Scraped caption text data
^^^^^^^^

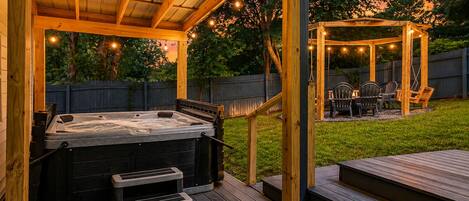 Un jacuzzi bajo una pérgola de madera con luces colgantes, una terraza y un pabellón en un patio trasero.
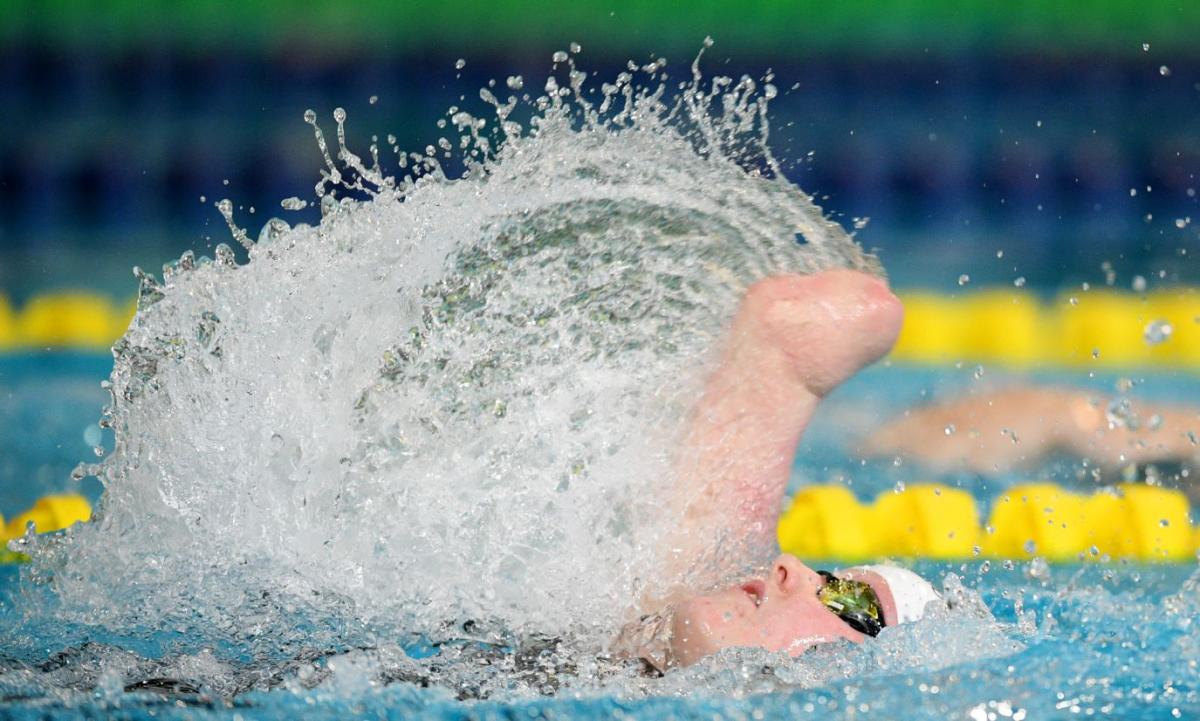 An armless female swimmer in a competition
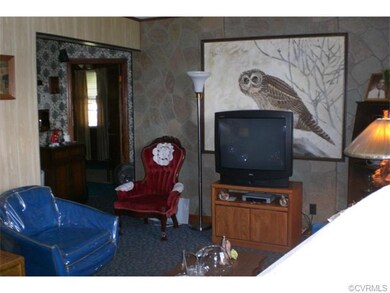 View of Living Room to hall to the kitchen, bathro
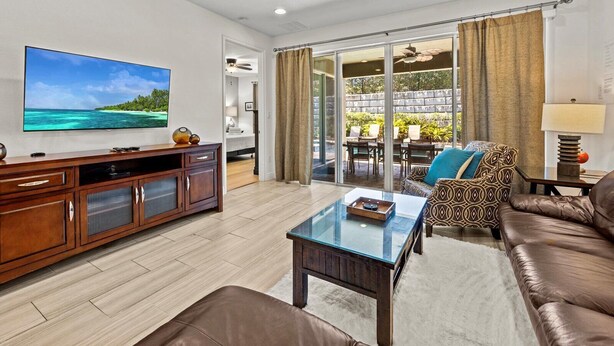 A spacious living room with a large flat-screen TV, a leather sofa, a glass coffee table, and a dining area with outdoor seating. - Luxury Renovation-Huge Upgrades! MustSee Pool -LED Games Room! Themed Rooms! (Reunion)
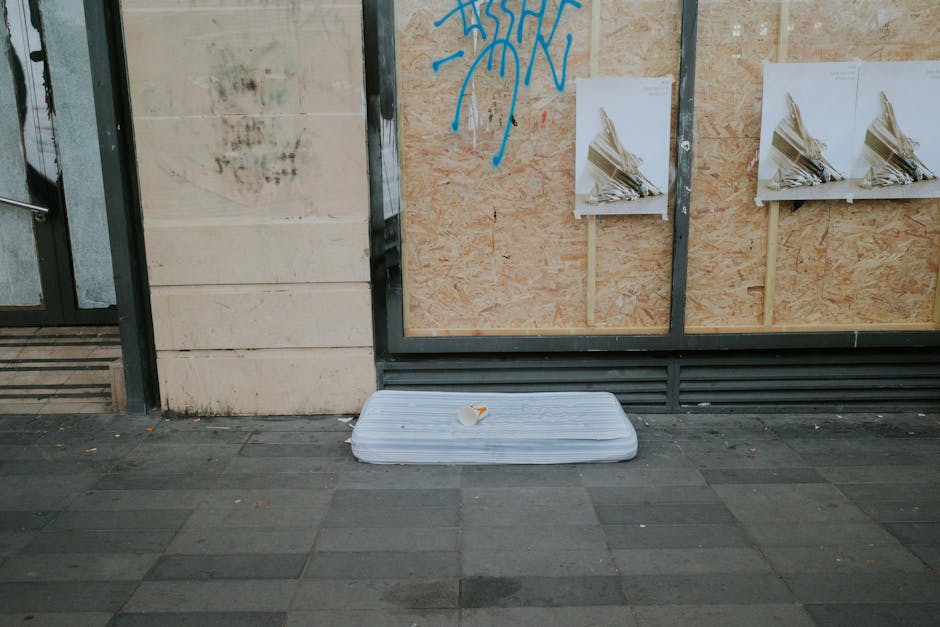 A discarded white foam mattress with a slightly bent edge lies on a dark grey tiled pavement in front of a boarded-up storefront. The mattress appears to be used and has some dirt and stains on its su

^^^^^^^^

### Directions for this task:
Return all the records above exactly, pictures omitted.

### Result of the exercise:
 Un jacuzzi bajo una pérgola de madera con luces colgantes, una terraza y un pabellón en un patio trasero.
 An armless female swimmer in a competition
 View of Living Room to hall to the kitchen, bathro
 A spacious living room with a large flat-screen TV, a leather sofa, a glass coffee table, and a dining area with outdoor seating. - Luxury Renovation-Huge Upgrades! MustSee Pool -LED Games Room! Themed Rooms! (Reunion)
 A discarded white foam mattress with a slightly bent edge lies on a dark grey tiled pavement in front of a boarded-up storefront. The mattress appears to be used and has some dirt and stains on its su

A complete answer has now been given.